A buffer of 50m was produced around the paths in the study area.
This buffer was subtracted from the unified priority habitat map.

So the difference layer holds all the habitat patches that are further than 50m from a path. We can now easily find out the total area of these classes of habitat both before and after the differencing.

library(dplyr)
habitat$total_area_ha<-round(st_area(habitat)/10000,1)
dif$core_area_ha<-round(st_area(dif)/10000,1)

habitat %>% st_set_geometry(NULL) -> d1
dif %>% st_set_geometry(NULL) -> d2

left_join(d1,d2, by = "mhabitat") %>% DT::datatable()

9.4.1 Multi polygons to single polygons

The table pf results had one row for each habitat type. This was because the SQL geoprocessing query had grouped the results by main habitat class leading to a multi geometry column. If we wanted to know the area of each polygon we need to cast the multipolygon to single polygons.

dif %>% st_cast("POLYGON") -> dif2
dif2$area_ha<-round(st_area(dif2)/10000,1)

mapview(dif2, zcol = "mhabitat", burst=TRUE,legend=FALSE)

9.4.2 Reproducing the same analysis for a different site

The big advantage of using R lies in the reproducibility of all the analyses. Although it may have taken some time to develop an analysis for Arne it can now easily be used in a different setting.

What if we want to move the focus to Hengistbury head? This is a local nature reserve with a polygon delimiting the boundary in the local_reserves table. So the query below which just drops in the new area will do the trick to extract the priority habitat.


hh_query<-"select * from local_reserves where lnr_name = 'Hengistbury Head'"

st_read(conn,query=hh_query) ->hh
qtm(hh)

hh_habitat<-sprintf("select main_habit mhabitat, 
s1habtype,s2habtype,s3habtype habitat,
st_intersection(h.geom,s.geom) geom from 
(%s) s,
ph_v2_1 h 
where st_intersects(h.geom,s.geom)",hh_query)

habitats<-st_read(conn, query=hh_habitat)
qtm(habitats, "mhabitat") +tm_style("classic")

The query below extracts the paths.

hh_paths<-sprintf("select st_intersection(way,geom) geom from  (%s) s,
dorset_line l where st_intersects(way,geom)", hh_query)

paths<-st_read(conn, query=hh_paths)
qtm(paths)

Now to reproduce the buffering analysis for Hengistbury head we just need to drop in queries that returned results for Hengistbury head instead of those which pulled the layers from the Arne schema.
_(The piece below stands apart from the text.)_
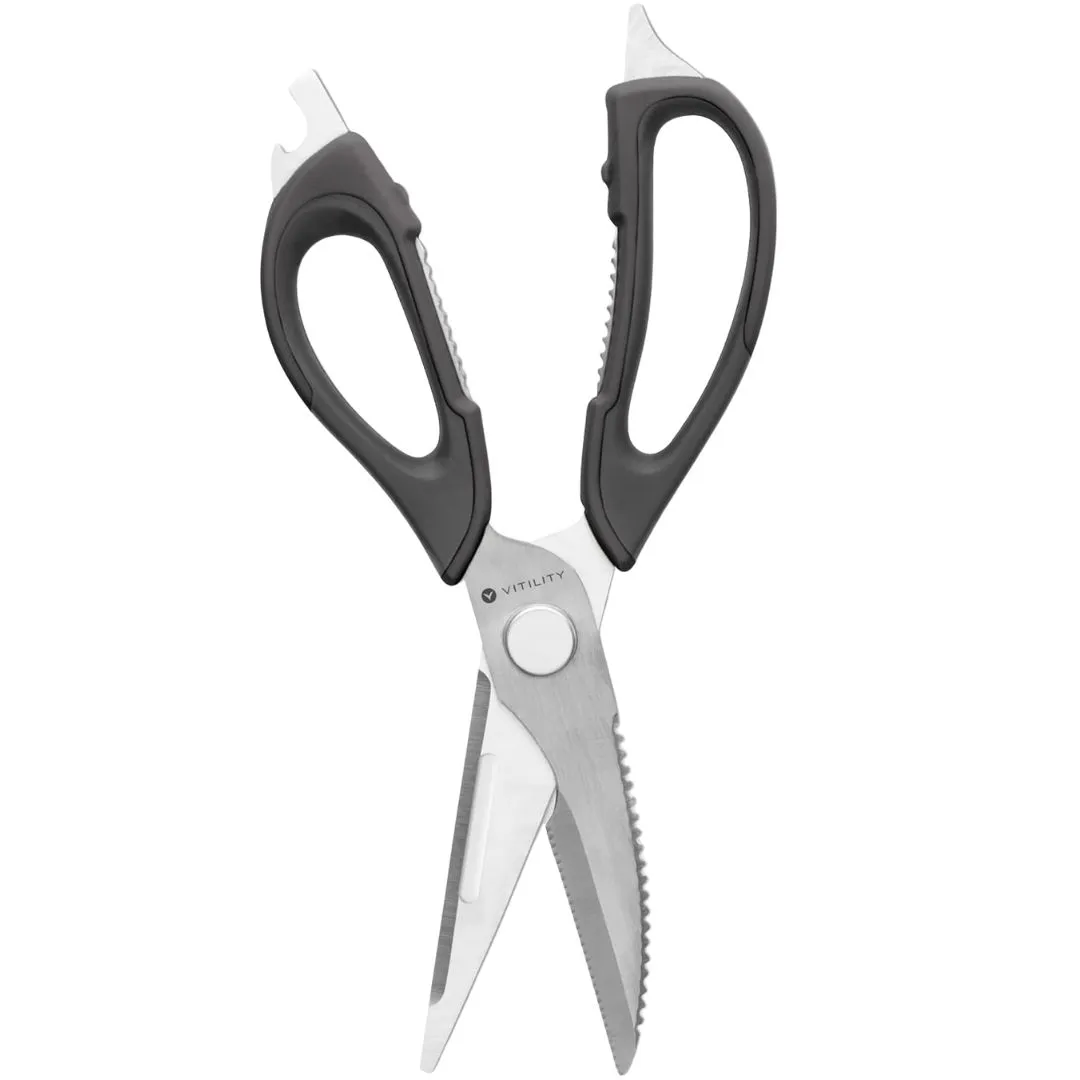 Tijera MULTIUSOS Vitality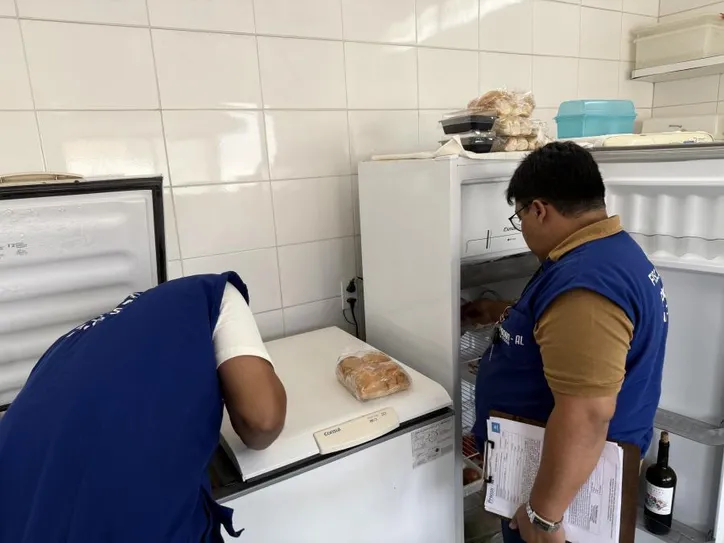 Motéis foram alvos de fiscalização do Procon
The sprintf trick is invaluable again here, as typing out the full query would be very tedious and error prone. As it is, all the code has been tested for Arne and all that is needed is to place the Hengistbury select queries within brackets.

query1<-sprintf("select mhabitat,st_buffer(st_union(geom),0.1) geom 
from (%s) s group by mhabitat ",hh_habitat)

query2<-sprintf("select st_buffer(st_union(geom),50) geom 
from (%s) s",hh_paths)

query3<-sprintf("select mhabitat,st_difference(h.geom,p.geom) 
    geom from (%s) h, (%s) p",query1,query2)

dif<-st_read(conn,query=query3)

qtm(dif,"mhabitat") +tm_style("classic")

9.4.3 Exercises

We can see that there is much less undisturbed habitat of any type at Hengistbury head. This could be quantified and experiments run with different buffer widths.